FG Hamburg 26.1.2012, 2 K 224/10
Der Sachverhalt:
Die Klägerin ist eine in Österreich ansässige Gesellschaft. Ihre Rechtsvorgängerin und eine weitere österreichische Gesellschaft, die beide später zur Klägerin verschmolzen sind, waren zunächst als Kommanditisten an einer deutschen Kommanditgesellschaft beteiligt, Komplementärin war eine inländische GmbH. In diese GmbH brachten die österreichischen Gesellschaften im Wege der Sacheinlage ihre Anteile an der KG ein und erhielten hierfür Anteile an der GmbH, die KG war damit aufgelöst. In der Übernahmebilanz der aufnehmenden GmbH wurde das eingebrachte Betriebsvermögen mit den Buchwerten angesetzt.

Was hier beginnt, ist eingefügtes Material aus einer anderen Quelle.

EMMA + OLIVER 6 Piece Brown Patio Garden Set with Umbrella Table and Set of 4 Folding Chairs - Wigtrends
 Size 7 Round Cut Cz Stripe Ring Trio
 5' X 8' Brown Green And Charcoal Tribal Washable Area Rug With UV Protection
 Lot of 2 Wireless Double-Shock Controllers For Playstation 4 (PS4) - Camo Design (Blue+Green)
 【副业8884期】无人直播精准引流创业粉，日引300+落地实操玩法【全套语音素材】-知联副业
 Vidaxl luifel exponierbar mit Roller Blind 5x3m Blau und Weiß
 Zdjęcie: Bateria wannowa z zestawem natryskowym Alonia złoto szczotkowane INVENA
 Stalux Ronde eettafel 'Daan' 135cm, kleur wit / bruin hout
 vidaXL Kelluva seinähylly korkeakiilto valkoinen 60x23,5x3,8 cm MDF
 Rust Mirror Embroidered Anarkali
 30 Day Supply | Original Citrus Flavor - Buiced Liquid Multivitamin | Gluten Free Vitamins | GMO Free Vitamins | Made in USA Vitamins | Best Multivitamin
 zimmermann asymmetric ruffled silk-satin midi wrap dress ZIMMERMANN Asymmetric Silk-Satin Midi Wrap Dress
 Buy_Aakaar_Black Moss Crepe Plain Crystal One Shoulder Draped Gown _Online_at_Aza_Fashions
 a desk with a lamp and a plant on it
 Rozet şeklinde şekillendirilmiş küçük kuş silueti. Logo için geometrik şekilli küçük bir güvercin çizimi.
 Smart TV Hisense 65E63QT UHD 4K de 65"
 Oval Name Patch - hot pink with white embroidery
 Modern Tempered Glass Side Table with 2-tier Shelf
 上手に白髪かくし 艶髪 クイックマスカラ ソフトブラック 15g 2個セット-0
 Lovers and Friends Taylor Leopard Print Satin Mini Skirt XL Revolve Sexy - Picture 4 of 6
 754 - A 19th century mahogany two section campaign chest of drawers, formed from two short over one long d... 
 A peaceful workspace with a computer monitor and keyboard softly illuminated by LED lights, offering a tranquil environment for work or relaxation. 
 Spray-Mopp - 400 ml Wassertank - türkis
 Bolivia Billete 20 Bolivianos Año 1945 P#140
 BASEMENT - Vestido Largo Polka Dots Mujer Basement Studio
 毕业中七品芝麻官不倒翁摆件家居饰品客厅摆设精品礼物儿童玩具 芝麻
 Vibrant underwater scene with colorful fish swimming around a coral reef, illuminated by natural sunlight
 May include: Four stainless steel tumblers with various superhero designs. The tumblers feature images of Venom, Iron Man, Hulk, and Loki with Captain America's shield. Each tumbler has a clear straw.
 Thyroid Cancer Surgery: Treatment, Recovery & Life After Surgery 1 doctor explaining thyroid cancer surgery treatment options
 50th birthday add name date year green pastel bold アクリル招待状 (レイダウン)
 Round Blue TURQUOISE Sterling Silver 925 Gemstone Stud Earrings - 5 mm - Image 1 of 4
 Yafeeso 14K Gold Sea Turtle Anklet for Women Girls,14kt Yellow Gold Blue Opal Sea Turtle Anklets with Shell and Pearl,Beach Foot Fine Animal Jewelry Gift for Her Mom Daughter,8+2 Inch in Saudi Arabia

Das Finanzamt bewertete die mit Wirkung zum 1.1.2001 von beiden österreichischen Gesellschaften in die inländische GmbH eingebrachten Mitunternehmeranteile gem. § 20 Abs. 3 UmwStG 1995 dagegen mit dem Teilwert und setzte mit Feststellungsbescheid für 2000 entsprechende Veräußerungsgewinne fest. Auch bei der aufnehmenden GmbH wurde der Einlagewert mit dem Teilwert berücksichtigt. Die Klägerin macht demgegenüber mit ihrer gegen den Feststellungsbescheid gerichteten Klage geltend, dass die Besteuerung des Einbringungsgewinns zwar dem Wortlaut des § 20 Abs. 3 UmwStG 1995 entspreche, aber die unionsrechtlich geschützte Niederlassungsfreiheit verletze.

Die Niederlassungsfreiheit sei verletzt, weil die Buchwertfortführung allein deshalb versagt werde, weil die einbringenden Mitunternehmer ihren Sitz in Österreich hätten und das Besteuerungsrecht für die Veräußerung von Anteilen an einer Kapitalgesellschaft nach dem zwischen Deutschland und Österreich bestehenden Doppelbesteuerungsabkommen dem Sitzstaat zugewiesen werde. Hätten die österreichischen Gesellschaften dagegen ihren Sitz im Inland gehabt, käme es nicht zur Aufdeckung der in den eingebrachten Anteilen ruhenden stillen Reserven und damit nicht zur sofortigen Besteuerung eines Veräußerungsgewinns.

Das FG Hamburg hat den EuGH zur Klärung unionsrechtlicher Fragen angerufen.

Die Gründe:
Das FG hat Zweifel, ob die Regelung des § 20 Abs. 3 und 4 UmwStG 1995 mit der Niederlassungsfreiheit vereinbar ist.

Der Klärung durch den EuGH bedarf dabei u.a. auch die Frage, ob eine etwaige Beeinträchtigung der Niederlassungsfreiheit gerechtfertigt sein könnte, etwa durch eine gerechte Aufteilung des Besteuerungssubstrats zwischen den einzelnen Mitgliedsstaaten, und ob nicht jedenfalls die Sofortbesteuerung unverhältnismäßig ist. Des Weiteren ist ggf. zu klären, ob eine im UmwStG 1995 vorgesehene - antragsabhängige - Stundungsregelung für die Besteuerung des Veräußerungsgewinns in fünf jährlichen Teilbeträgen ausreichend ist, um die Nachteile der Wertaufdeckung aus unionsrechtlicher Sicht aufzuwiegen.

Hintergrund:
Auch wenn das Ausgangsverfahren mit § 20 UmwStG 1995 ausgelaufenes Recht zum Gegenstand hat, dürften die Vorlagefragen auch für die aktuelle Rechtslage von einiger Bedeutung sein, weil die sog. Entstrickungsbesteuerung nach wie vor in der Diskussion steht und die Fünftel-Regelung in verschiedenen vom Gesetzgeber als "europäisiert" angesehenen Gesetzen Anwendung findet (§§ 4 Abs. 1 S. 3 und 4 EStG i.V.m. § 4g Abs. 1 und 2 EStG, §§ 36 Abs. 5, 12 Abs. 1 S. 1 KStG).